There really isn’t a solid Python module for multiprocessing and MySQL. Now this may be because MySQL on a single server is disk bound and therefore limited in speed or just because no one has written it. So here is a quick and dirty example using the Pool module in multiprocessing in Python 2.6 and MySQLdb.

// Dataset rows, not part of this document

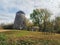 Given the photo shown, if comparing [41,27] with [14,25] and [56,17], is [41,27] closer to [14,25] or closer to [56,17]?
[56,17]

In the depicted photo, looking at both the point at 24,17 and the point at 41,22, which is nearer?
the point at 41,22

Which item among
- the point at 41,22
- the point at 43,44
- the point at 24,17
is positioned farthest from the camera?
the point at 24,17

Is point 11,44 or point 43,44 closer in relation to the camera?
point 11,44

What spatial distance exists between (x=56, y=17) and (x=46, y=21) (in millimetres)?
2470

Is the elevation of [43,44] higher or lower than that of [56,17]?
lower

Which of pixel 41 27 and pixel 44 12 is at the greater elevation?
pixel 44 12

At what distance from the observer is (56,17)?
44938 millimetres

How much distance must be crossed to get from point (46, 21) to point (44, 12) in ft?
10.1

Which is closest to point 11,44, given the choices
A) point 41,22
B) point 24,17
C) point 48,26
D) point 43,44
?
point 43,44

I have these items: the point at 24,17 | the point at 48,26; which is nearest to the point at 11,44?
the point at 48,26

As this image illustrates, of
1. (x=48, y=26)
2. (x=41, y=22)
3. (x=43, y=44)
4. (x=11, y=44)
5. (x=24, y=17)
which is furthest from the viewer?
(x=24, y=17)

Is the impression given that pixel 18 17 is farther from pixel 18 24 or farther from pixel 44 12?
pixel 44 12

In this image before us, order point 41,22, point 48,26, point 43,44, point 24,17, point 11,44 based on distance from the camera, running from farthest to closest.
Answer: point 24,17 < point 41,22 < point 48,26 < point 43,44 < point 11,44

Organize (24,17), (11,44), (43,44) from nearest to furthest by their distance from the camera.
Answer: (11,44)
(43,44)
(24,17) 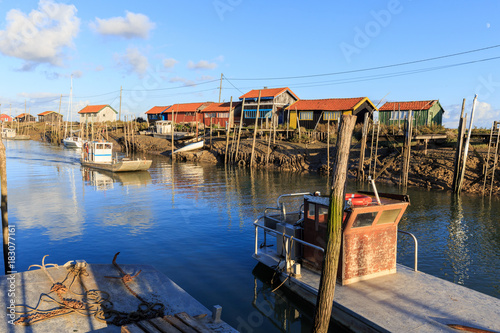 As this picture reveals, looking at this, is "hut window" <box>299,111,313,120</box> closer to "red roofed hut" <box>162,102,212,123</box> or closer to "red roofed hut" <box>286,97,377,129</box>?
"red roofed hut" <box>286,97,377,129</box>

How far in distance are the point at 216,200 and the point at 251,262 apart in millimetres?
13319

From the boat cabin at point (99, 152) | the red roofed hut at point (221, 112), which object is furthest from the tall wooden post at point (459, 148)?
the red roofed hut at point (221, 112)

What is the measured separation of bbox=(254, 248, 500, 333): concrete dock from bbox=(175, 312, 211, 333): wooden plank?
11.3 ft

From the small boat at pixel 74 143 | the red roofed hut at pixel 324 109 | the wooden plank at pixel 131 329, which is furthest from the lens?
the small boat at pixel 74 143

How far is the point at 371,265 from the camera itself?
1106 centimetres

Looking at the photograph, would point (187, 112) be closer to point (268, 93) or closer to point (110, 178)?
point (268, 93)

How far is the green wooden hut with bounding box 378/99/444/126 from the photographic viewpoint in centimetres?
5653

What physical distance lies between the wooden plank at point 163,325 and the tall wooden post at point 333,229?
9.77 ft

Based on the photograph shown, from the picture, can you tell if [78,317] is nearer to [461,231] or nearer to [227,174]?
[461,231]

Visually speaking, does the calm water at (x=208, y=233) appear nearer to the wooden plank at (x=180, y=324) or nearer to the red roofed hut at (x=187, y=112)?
the wooden plank at (x=180, y=324)

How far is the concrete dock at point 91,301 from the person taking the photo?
8422 millimetres

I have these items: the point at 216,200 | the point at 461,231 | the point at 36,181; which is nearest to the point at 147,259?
the point at 216,200

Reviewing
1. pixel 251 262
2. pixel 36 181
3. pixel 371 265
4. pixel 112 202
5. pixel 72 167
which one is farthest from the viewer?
pixel 72 167

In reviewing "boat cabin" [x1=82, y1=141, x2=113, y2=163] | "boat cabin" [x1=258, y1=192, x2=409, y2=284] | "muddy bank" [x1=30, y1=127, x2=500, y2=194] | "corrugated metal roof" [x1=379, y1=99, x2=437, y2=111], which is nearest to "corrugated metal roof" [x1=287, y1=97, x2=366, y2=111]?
"corrugated metal roof" [x1=379, y1=99, x2=437, y2=111] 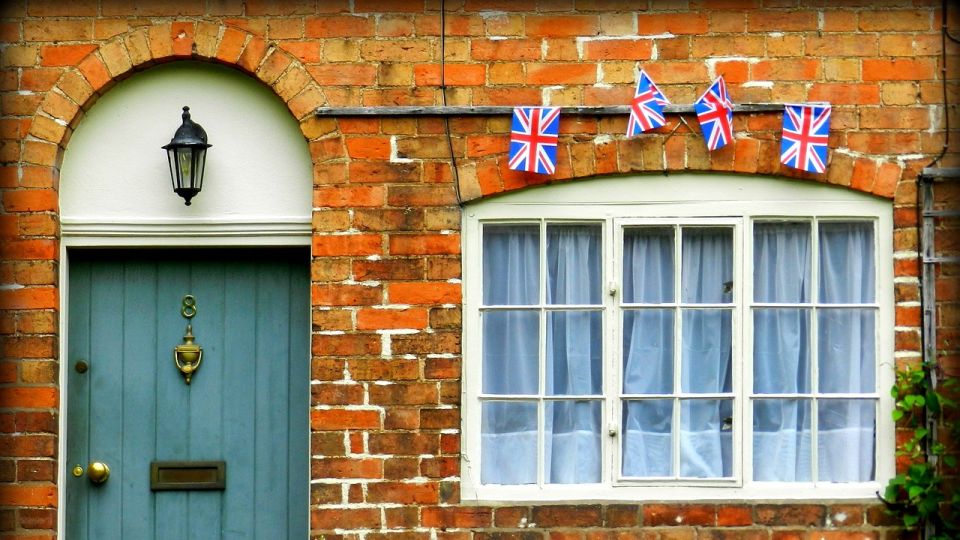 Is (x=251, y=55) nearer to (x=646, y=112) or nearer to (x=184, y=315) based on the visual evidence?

I also tried using PySQLPool. This was designed for threading and not forking as I am doing with Pool method. Although I am sure it is possible to use PySQLPool with forking by passing the connection (pool) object down to the child process or possibly doing something with IPC, I decided to keep it simple (although slightly more expensive) and instantiate MySQLdb connections upon fork.

import MySQLdb
import multiprocessing

def main():
    tablename = 'address_demographics'
    inserts = []
    id = 0
    max_id = 1000000
    while id < max_id:
        sql = """
        INSERT IGNORE INTO `%s` (person_id)
        SELECT person_id
          FROM `people`
         WHERE id BETWEEN %d AND %d
        """
% (tablename,id,(id + 100000))
        inserts.append(sql)
        id += 100001
    pool = multiprocessing.Pool(multiprocessing.cpu_count())
    pool.map(sqlWorkerInsert, inserts, 1)
    pool.close()
    pool.join()

def sqlWorkerInsert(sql):
    conn = MySQLdb.connect(host = "127.0.0.1",
                           user = "USER",
                           passwd = "PASS",
                           db = "DB")
    cursor = conn.cursor()
    # Need to do this since AUTOCOMMIT = 0 by default (wtf?)
    cursor.execute("SET AUTOCOMMIT=1")
    cursor.execute(sql)
    cursor.close()
    conn.close()

It may not be the cleanest method to open a new connection to MySQL for every worker subprocess. Since MySQL opens a new thread for every connection, I don’t think this is that big of a deal. However I am always open to new ways of doing things.